Seit zehn Jahren bietet die Zürcher Hochschule der Künste (ZHdK) Studiengänge im Bereich Pop an und die Geroldswilerin Mara Miccichè (31) war eine der ersten, die mit dem Master of Arts abschloss.

Seit fünf Jahren nennt sie sich Iokoi, ein «erfundenes Wortspiel», das ihr erlaube, als Künstlerin in diverse Rollen zu schlüpfen und sich mittels elektronischer Musik zu entfalten. Trotzdem machte sie sich die letzten Jahre auf die Suche nach der persönlichen Berufung im Pop-Kosmos. Trat sie etwa früher mit einer Band auf, so ist Iokoi heute solo auf der Bühne zu erleben; das entspricht ihr mehr.

Mehr als «nur» Musik

Ende September erschien ihr Debüt-Album «Liquefy», auf dem sich – dem Titel entsprechend – zehn Songs verflüssigen, die an Björk erinnern, oder aktueller, an die amerikanische Sängerin Banks, die überdies mit kritischen Texten auffällt. Auch Iokoi hält dem Zeitgeist den Spiegel vor: «Wir scheinen uns immer mehr von der physischen Kommunikation zu entfernen», so Miccichè.

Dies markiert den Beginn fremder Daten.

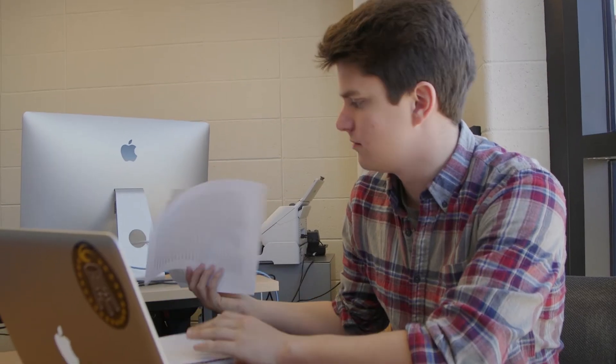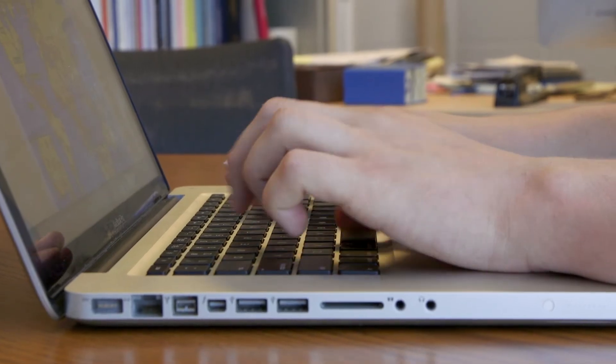I recommend an ALA course to freshmen who are looking for a one-credit class that can help them get used to the increased rigor of college. A lot of the value in the course comes from just learning how to use the tools of the library, especially the website and all the databases.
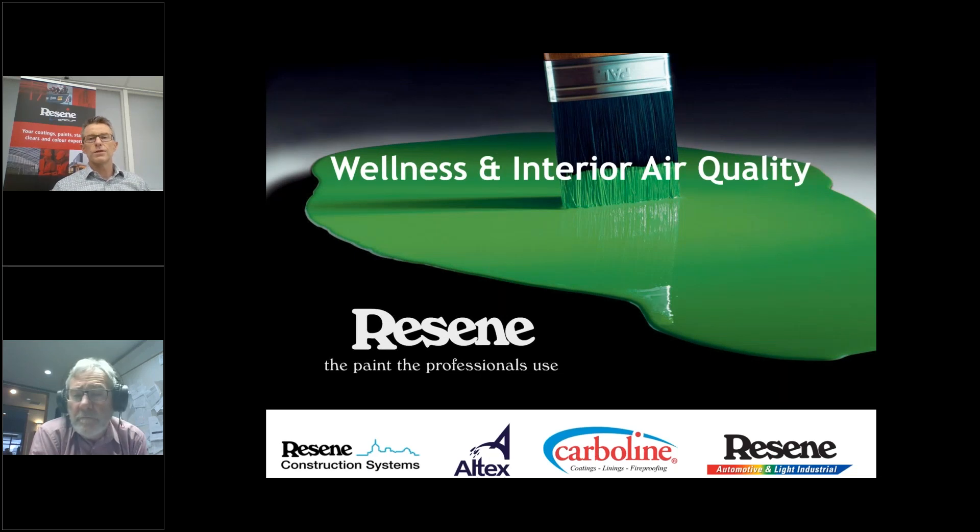Welcome folks to the Resilient Wellness and Interior Air Quality webinar. Rob Mountford here, joined by Geoff Jalina, our technical services manager. Many of you may have had contact with Geoff over the years, as he's across a number of areas in our technical department and answers most of the queries that come in via our support lines. Geoff has a PhD in chemistry and has been involved in a lot of the R&D of new products at Resilient.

IOKOI - Body/Head [-OUS, official video]

IOKOI - Body/Head [-OUS, official video]

Viele würden sich heute nur noch auf die Bildschirme vor ihnen verlassen. Eine zentrale Frage der Kompositionen sei, wie die Menschen mit sich selber und mit anderen umgehen.

Doch Iokoi bietet mehr als «nur» Musik: «Das Visuelle ist für mich sehr wichtig und ich benötige diverse Ebenen, um mich zu verwirklichen.» Im Video der ersten Single «Body/Head» liess sie sich beispielsweise mit Farbe übergiessen und für Konzerte arbeitet sie mit Bildern und Installationen, welche gemeinsam mit der Videokünstlerin Aria konzipiert werden.

Die Veröffentlichung des Albums, das mit dem Musiker Bit-Tuner produziert wurde, benötigte neben der Kunst auch Organisatorisches: Mit drei Freunden gründete Miccichè deswegen das Label «OUS», eine Berliner Agentur kümmert sich um die Vermarktung, der internationale Vertrieb soll ebenfalls aufgegleist werden und es stehen Konzerte an, um das Album zu promoten.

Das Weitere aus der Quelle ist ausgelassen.